Show A Personal Interest in Your Patients
If you try to engage further with a patient’s life, such as by making casual conversation about their work, their life, hobbies, and family, this is another great way to establish trust between yourself and them. You will sometimes be able to pick up little details about a patient that will allow you insight into their life and give you an easy way to make conversation about it. This could include some of the jewelry that they wear or other personal pieces that they may have with them. Think of asking questions such as:
- Does that necklace contain your birthstone?
- Where did you get your ring from?
- Which book are you reading?
These can all be great conversation starters and will give you something to talk about with them on future visits. It will make them feel less like just a patient and will also be an effective way to take their mind off of the treatment that they are receiving.

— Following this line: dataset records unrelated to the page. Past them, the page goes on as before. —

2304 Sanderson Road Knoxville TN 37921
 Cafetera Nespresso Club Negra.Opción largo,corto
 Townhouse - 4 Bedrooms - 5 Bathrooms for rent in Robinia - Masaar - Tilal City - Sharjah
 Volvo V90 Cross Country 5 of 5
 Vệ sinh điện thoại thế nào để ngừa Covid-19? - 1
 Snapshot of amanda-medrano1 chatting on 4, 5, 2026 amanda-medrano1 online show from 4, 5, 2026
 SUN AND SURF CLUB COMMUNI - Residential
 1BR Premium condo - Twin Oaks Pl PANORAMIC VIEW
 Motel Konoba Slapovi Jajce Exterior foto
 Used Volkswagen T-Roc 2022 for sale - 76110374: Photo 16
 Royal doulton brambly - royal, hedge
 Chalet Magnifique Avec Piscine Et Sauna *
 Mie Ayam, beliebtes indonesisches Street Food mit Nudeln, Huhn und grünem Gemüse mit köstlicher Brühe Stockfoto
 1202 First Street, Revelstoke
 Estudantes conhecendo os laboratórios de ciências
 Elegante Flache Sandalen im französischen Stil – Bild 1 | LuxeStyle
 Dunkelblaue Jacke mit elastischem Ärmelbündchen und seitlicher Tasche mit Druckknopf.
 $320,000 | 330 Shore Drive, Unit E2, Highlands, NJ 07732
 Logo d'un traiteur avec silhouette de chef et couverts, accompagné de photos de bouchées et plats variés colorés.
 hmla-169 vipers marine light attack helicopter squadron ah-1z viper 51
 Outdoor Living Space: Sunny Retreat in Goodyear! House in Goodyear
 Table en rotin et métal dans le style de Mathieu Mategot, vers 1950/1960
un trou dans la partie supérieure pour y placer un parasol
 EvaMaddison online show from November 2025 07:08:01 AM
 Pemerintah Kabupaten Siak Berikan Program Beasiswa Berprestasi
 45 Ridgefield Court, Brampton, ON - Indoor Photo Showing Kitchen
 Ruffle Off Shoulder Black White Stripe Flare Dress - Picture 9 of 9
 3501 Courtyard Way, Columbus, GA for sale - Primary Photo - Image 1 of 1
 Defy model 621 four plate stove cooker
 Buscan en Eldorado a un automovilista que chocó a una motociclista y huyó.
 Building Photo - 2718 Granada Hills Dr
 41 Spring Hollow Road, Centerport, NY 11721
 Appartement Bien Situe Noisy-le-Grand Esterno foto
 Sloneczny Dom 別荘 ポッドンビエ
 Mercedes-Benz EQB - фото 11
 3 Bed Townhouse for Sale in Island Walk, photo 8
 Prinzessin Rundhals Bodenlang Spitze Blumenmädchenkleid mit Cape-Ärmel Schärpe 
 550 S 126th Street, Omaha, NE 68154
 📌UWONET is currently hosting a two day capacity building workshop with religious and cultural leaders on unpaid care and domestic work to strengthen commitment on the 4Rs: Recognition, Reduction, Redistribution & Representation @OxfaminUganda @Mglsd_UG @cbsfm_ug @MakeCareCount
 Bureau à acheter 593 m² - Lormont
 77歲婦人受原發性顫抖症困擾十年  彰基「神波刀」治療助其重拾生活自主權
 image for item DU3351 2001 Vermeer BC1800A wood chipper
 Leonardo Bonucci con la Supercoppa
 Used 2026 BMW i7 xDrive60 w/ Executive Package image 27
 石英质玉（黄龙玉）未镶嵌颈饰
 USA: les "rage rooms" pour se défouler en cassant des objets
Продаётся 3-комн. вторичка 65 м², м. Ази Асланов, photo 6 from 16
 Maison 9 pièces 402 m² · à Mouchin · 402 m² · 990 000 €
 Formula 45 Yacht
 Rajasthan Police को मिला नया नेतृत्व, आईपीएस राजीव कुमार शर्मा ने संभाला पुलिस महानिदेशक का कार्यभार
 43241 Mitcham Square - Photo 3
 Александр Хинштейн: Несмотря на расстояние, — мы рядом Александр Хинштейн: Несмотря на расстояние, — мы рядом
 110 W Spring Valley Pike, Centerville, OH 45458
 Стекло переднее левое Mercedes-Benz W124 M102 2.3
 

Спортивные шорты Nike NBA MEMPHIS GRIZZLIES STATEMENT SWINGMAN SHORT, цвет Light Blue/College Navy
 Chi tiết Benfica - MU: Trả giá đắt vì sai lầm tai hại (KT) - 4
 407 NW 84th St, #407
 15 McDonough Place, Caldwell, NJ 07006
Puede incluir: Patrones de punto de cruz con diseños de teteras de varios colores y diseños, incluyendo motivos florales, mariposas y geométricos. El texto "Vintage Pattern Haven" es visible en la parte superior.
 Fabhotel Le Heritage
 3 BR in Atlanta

It’s important as well that you don’t just ask the questions, but you are also an avid listener. If they mention a family member, their pet, or anything else personal, be sure to bring up some more follow-up questions. They will be forced to look back on better times in doing so, which will give them a much more positive experience in the hospital.
Don’t Be Afraid to Ask for Help
There is little doubt that the more people who are there to look after your patient, the better their quality of care is going to be. There are organizations such as ChartSpan who provide chronic care management services that will allow you to spend more time taking care of your patient as they then do the rest. The rest, in this instance, refers to time-consuming tasks that could be better spent with a patient and also other jobs that will need doing to ensure patients are looked after. These include:
- Assistance with refills of medication
- Ongoing support in achieving the health care goals that have been established
- Assistance with finding home care
- … and much more
Always Acknowledge Your Patients Feelings
In a role that is often surrounded by feelings of pain, it can be quite easy to forget how much of a real thing it is for those going through it. As such, whenever those feelings of pain are vocalized, you should always take a second to show a patient your empathy. An acknowledgment such as “I understand” will go a long way in situations such as these.
Working as a healthcare professional can be one of the most rewarding jobs on the planet. That being said, it can also be one of the most frustrating due to the fact you may sometimes feel helpless when it comes to helping patients as they do not get better and hate their time in hospital. It’s important to remain professional in these circumstances and try to do everything you can to ensure you’re making your patients comfortable.